Autoriser les mutuelles à créer des réseaux de soins, c’est américaniser le système de soin. Fini le choix du praticien, finie la liberté de prescription, finie la liberté d’action. Les médecins ne deviennent que des techniciens et tous se retrouvent à la merci de la mutuelle. Est-cela que nous voulons pour notre pays ? En refusant en effet d’augmenter à leur juste valeur les actes médicaux depuis près de 30 ans, l’Etat a contraint les médecins à la pratique des dépassements d’honoraires. Bien sûr, il y a des abus, comme partout, il y a des abus de CMU, il y a des abus lors des déclarations d’impôts, il y en a dans tous les domaines, doit-on tout jeter sous ce prétexte au lieu de lutter contre les excès d’une minorité ? Car le dépassement est pratiqué avec tact et mesure par l’immense majorité des praticiens et ce dépassement sert évidement à améliorer leur revenu (en partie) mais il sert surtout à améliorer la qualité des soins, à renouveler le matériel, à offrir finalement ce que veut le patient : des soins à la pointe de la modernité et de la sécurité

E.B. : L’hôpital français est en souffrance, et comme dans tout système, c’est d’abord sur les derniers maillons que s’accumulent les pressions. L’externe en médecine (bac+3 à bac+6) est employé à mi-temps par l’hôpital avec cinq semaines de congés payés par an pour la coquète somme de 128 euros brut par mois et 20 euros par garde. L’interne (bac+7 à bac+11) commence à gagner correctement sa vie, avec en moyenne 1700 euros net par mois dès la première année, mais en échange de quoi ? Certains de nos stages sont construits sur des amplitudes horaires démentes, 50 à 60 heures de travail par semaine auxquelles il faut ajouter les gardes de 24h.
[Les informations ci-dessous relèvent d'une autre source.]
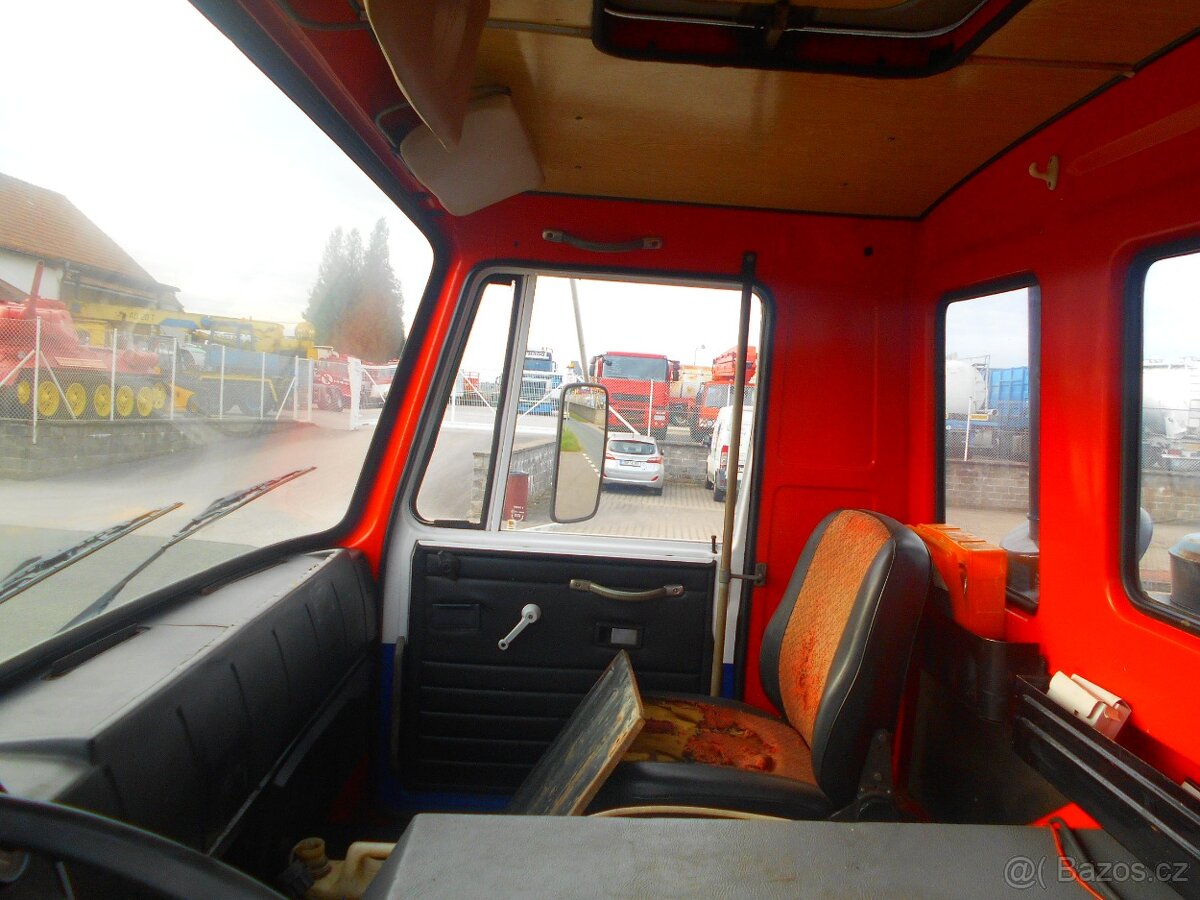 TATRA T815 CAS 111 - 11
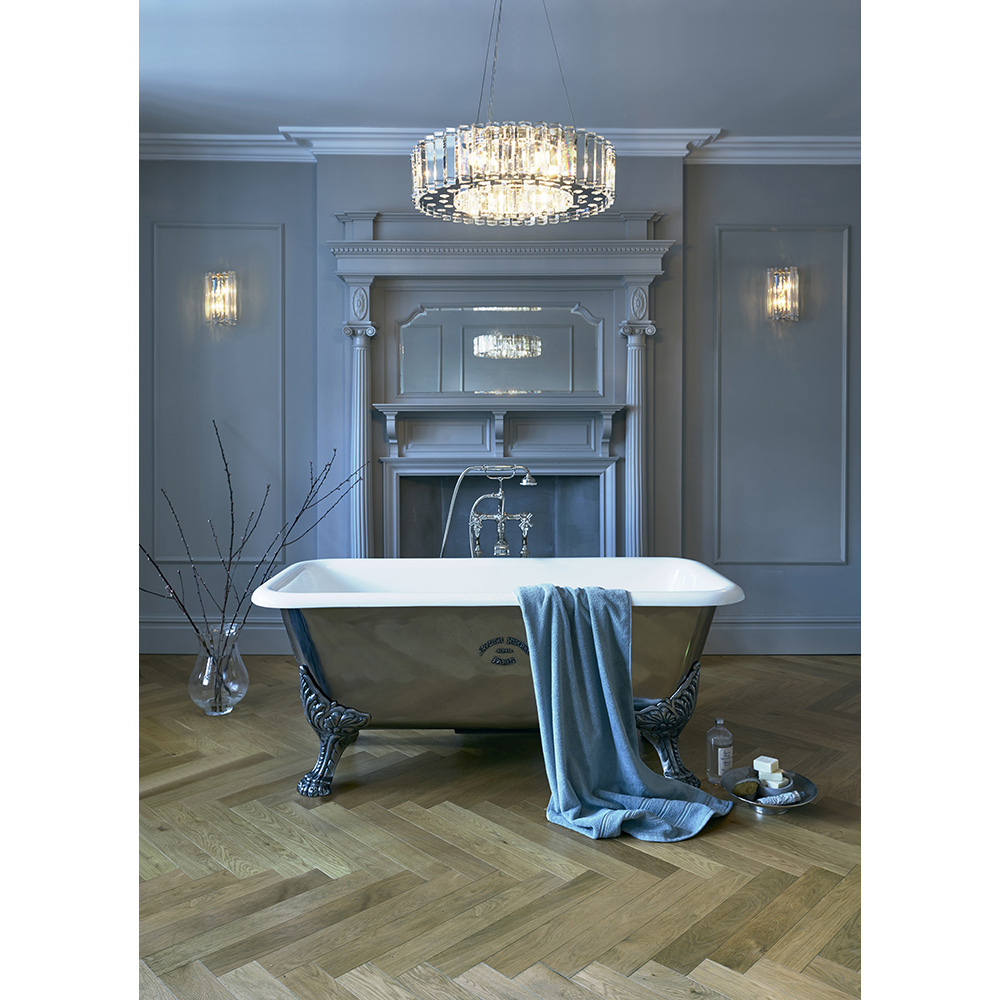 Kristallivalaisin-kylpparissa | Sisustusliike Portiikki Kristallivalaisin kylppariin.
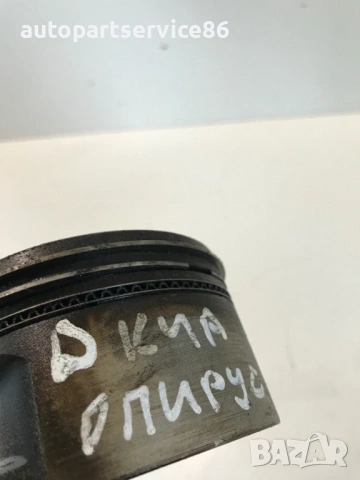 Десен бутало и мотовилка за KIA Opirus 3.5 (2004), снимка 3 - Части - 53282547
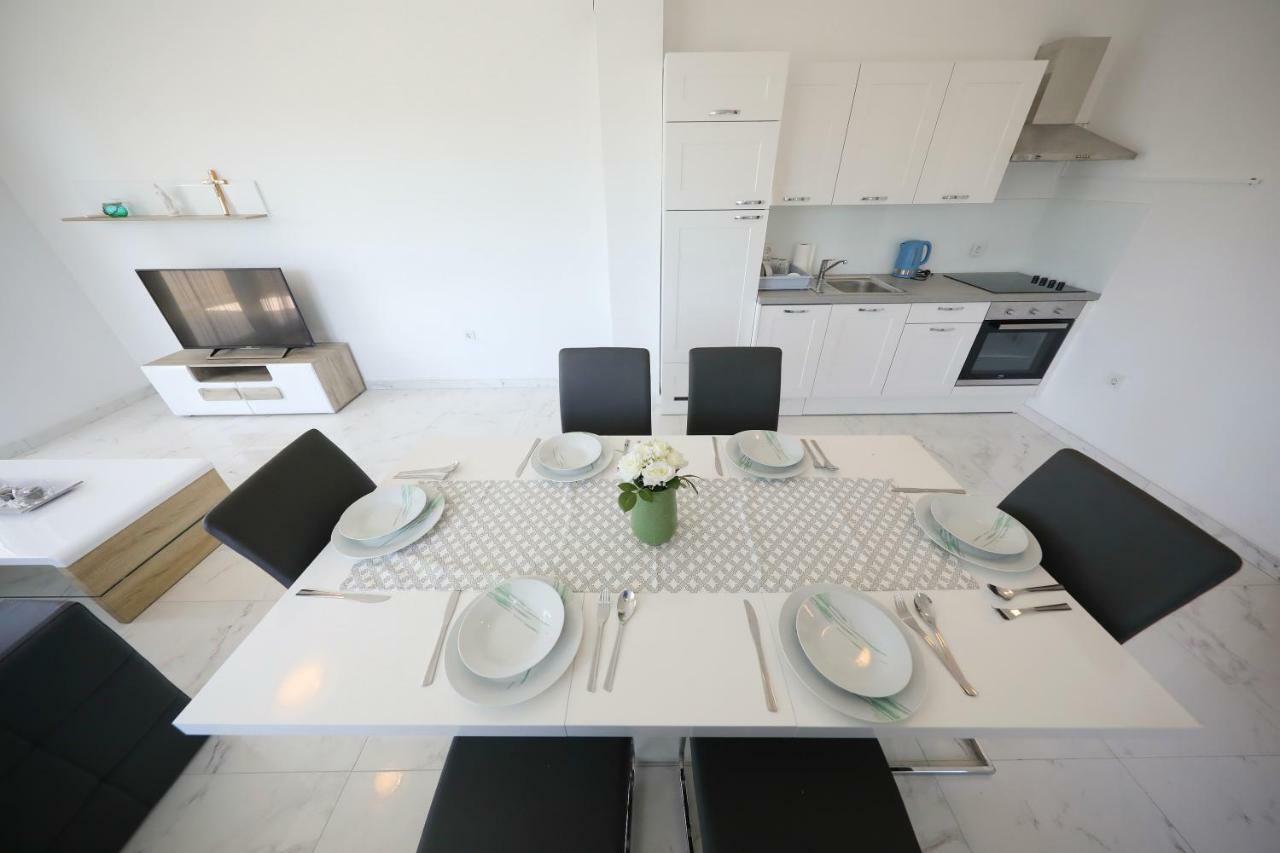 Apartmani Vlado Mitar Sukošan المظهر الخارجي الصورة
Malheureusement, nous ne sommes pas les seuls à souffrir. Demandez aux infirmiers et aux sages-femmes si leurs heures supplémentaires sont payées, aux aides-soignants s’ils sont respectés, aux kinésithérapeutes s’ils peuvent prendre en charge correctement leurs patients face à l’affluence des demandes.

D'aucuns se sont plaint que l'avis des internes ne soit pas pris en compte lors des négociations avec le Ministère de la Santé. Les internes peuvent-ils se faire entendre autrement que par la grève aujourd'hui ?
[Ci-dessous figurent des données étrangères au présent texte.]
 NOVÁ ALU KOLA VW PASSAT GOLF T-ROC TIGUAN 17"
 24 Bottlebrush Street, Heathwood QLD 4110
F.V. : Les internes sont de bons soldats, ils ne rechignent pas à la tâche même si ils sont de plus en plus nombreux à sombrer dans le burn-out. On peut comprendre leur désespoir quand le présent est rude et le futur incertain. Aller manifester et se mettre en grève, chose rare, c’est pour eux la seule façon de faire entendre leur voix, de prendre en main leur destin. Ils refusent la politique de l’autruche ou que d’autres prennent les décisions à leur place. C'est la seule façon d’infléchir cette orientation si négative et préserver ce qui nous unit tous, la volonté de voir perdurer notre système de soin, ne tirez pas sur l’ambulance !

E.B. : Devant le capharnaüm des revendications et l’actualité médicale actuelle, partir en grève, c’est annoncer à une population en crise que le monde médical n’est pas en phase avec la société qu’il doit soigner. L’objectif des négociations conventionnelles était de garantir l’accès aux soins pour tous, il est en effet plus que temps de centrer la problématique sur les besoins du patient avant ceux de son médecin. L’ISNAR-IMG continue de  travailler pour une refonte du système de soins. Mais dans ce cadre, les internes de médecine générale n’iront pas en grève.